What became clear at and after the meeting was that Saugatuck Township officials never took the steps to ascertain what its potential taxpayer-funded cost liabilities might be for its entire bike trail plan before launching into the initial building phase of the costly project.
Construction of the township north sector is now nearly complete on Blue Star Highway from North Street south to Old Allegan Road.
Funds also have run out for Friends of the Blue Star Trail— the volunteer group promoting and assisting governmental entities in the proposed bike path—to expand that trail a little further south to S. Maple Street as originally planned.
The biking organization is now assessing options for helping pay for the Saugatuck Township section immediately north of North Street, despite the fact that the South Haven-based group does not have the money or state and federal grants in its coffers to pay for bike trail construction costs all along the planned route as once promised.
In terms of the proposed pathway through the City of Saugatuck, officials there cite costs, safety concerns, lack of a sufficient emergency vehicle pathway, lack of planning by Saugatuck Township and Douglas, and other city priorities for its decision in not approving the bike path through its jurisdiction to date.
Douglas officials recently blamed their Saugatuck counterparts for having lost the surety of a $427,000 federal grant previously on the table as part of Douglas’ portion of the Blue Star Trail.
MDOT administers and allocates the TAP funds, federal dollars meant for specific activity that enhances intermodal modes of transportation and encourages safe alternative options.

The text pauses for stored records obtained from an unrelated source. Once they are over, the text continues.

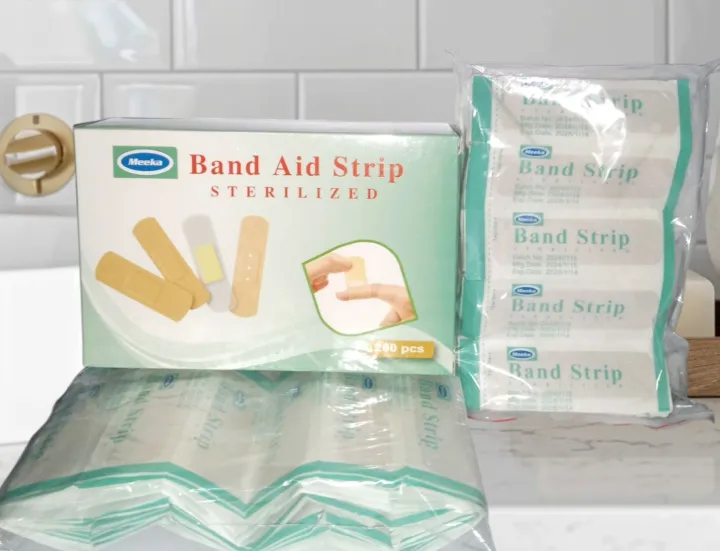 Band%20Aid%20Strip%20Sterilized%20200Pcs%20-%201%20Box%20-%20Image%205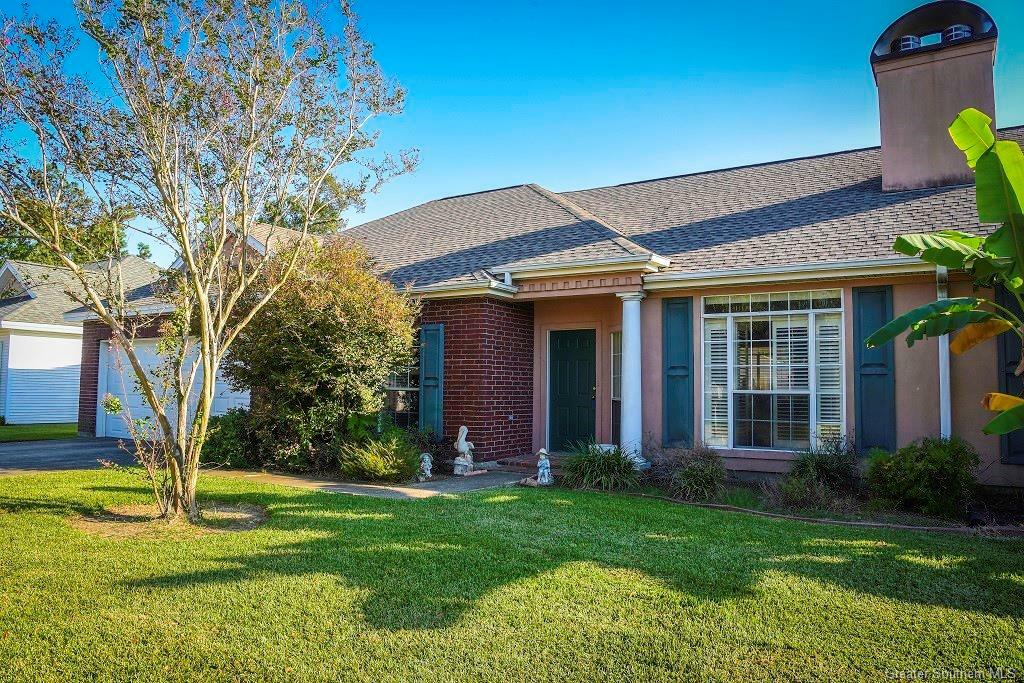 Property Photo:  2729 Henderson Bayou Place  LA 70605 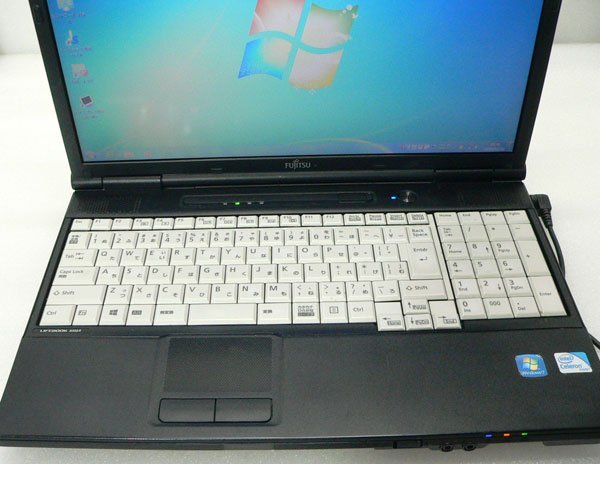 Windows7 富士通 LIFEBOOK A552/F(FMVNA7FE) Celeron B730 1.8GHz メモリ 2GB HDD 320GB(SATA) DVD-ROM 15.6インチ_画像3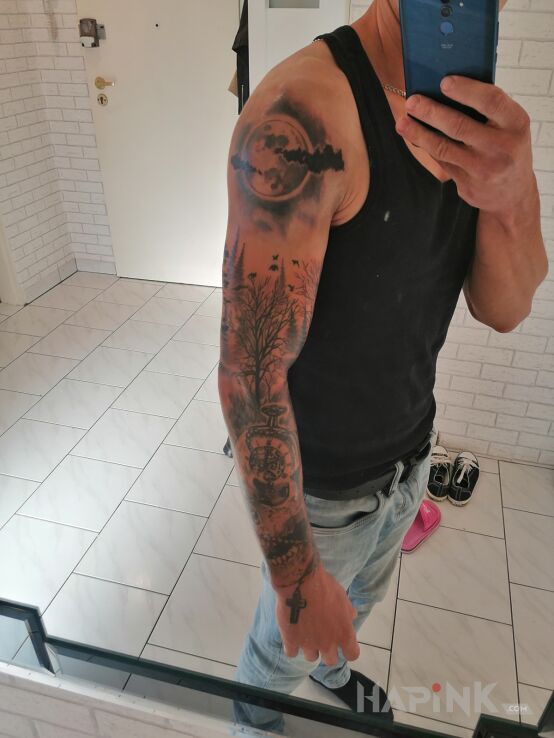 Tattoo Rekaw in black and gray motif and realistic style on the upper arm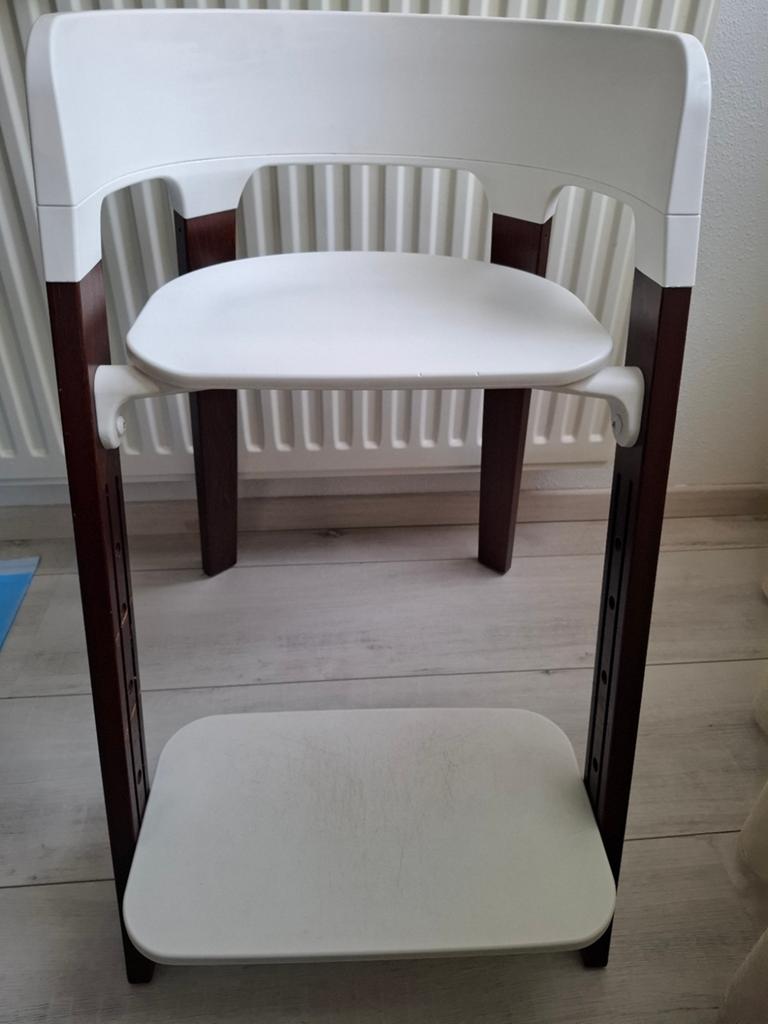 Stokke Steps meegroei kinderstoel  Wit met Bruin izgs, Kinderen en Baby's, Kinderstoelen, Ophalen, Zo goed als nieuw, Meegroeistoel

The news from the state officials caused one township official to voice his concerns.
“My first reaction is that I don’t want to put financial obligations on a future township board,” said Saugatuck Township Trustee Roy McIIwaine.
A township decision could hinge on the question, as asked by Saugatuck Township Manager Aaron Sheridan, “Are there high odds on getting a grant in the future?”
It is a matter that needs further exploration, the board said.
The Friends group submitted the TAP application in May as well as a Michigan Department of Natural Resources Trust Fund application in April on behalf of the township.
The latter is meant to help with the locally required match of $100,000.
“We are working closely with MDOT staff and believe we have a strong chance of getting approval. The big IF is our ability to provide the required community match of $100,000,” states the Friends’ website.
In another stunning revelation, it has been revealed that several months ago Saugatuck Township Manager Sheridan also shared with the biking group officials and other governmental leaders that the township could seek a millage from township taxpayers to pay for the projected maintenance/rehab costs of the township’s asphalt-and-wooden bridge bike path structure that engineers have estimated could locally run into hundreds of thousands of dollars.
Sheridan made that statement even though Saugatuck Township residents have never been asked whether they want a bike path or would agree to pay for the bike path’s future maintenance costs.
Several government officials confirmed Sheridan’s statements made during a meeting of the bike group and area municipal leaders.
“That’s exactly what he (Sheridan) said,” confirmed Saugatuck City Manager Kirk Harrier, who is also a township resident.
“I was there and heard it…and I was stunned,” said Harrier.
“He (Sheridan) was talking about it (a millage) being a way they could fund future maintenance costs.
“I would think Saugatuck Township residents would have wanted to know that might be part of the township’s plans to pay for those costs prior to the township just starting to build it.
“Township residents need to be aware they could be paying a lot more in taxes just to maintain that bike trail.
“At the very least they should have been informed about all the potential costs to them regarding this project…and they haven’t been.”